Thursday, February 12, 2009

Check Please!

Some guys don't just forget the flowers; they even forget the conversation. When I was dating, before I was involved in a happy relationship, I met a guy who had contacted me on line. Meeting in a coffeehouse in Chelsea, I had a bad feeling about him almost immediately because he just had to have a cigarette only a few minutes after we met. When he went outside to smoke, I told the waitress to bring the check so that I could leave soon after he came back to our table. She was very busy though, so she forgot to bring it before he came back inside. Ten minutes after sitting down again, he went outside again to smoke another cigarette. By this point, I was just ready to leave. I got the waitress' attention, and she finally brought the check.

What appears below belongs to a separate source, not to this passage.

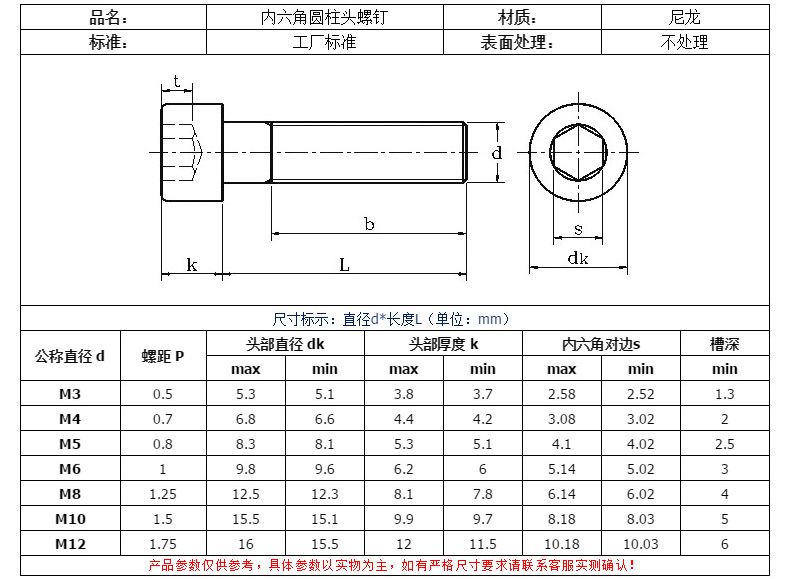 尼龍圓柱頭內(nèi)六角螺絲 尼龍圓柱頭內(nèi)六角螺絲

When he got back to the table, he saw the check and grinned. I told him that a friend just called me and I had to go see her before it got too late. He told me to "cut the s**t. We both knew why we were there and we might as well say it." I looked at him in probably what looked to anyone observing us as awestruck amazement when he asked,"So, what time do I get to f**k you tonight?" After getting over my shock, I began laughing uncontrollably. He became so angry that he stormed out of the coffeehouse without paying. I promptly paid his portion of the bill and told the waitress that I just wanted to sit and enjoy my coffee while I finished the chapter in Wuthering Heights, the book I was reading. I found moody Heathcliff to be a more agreeable date that night than my on line acquaintance.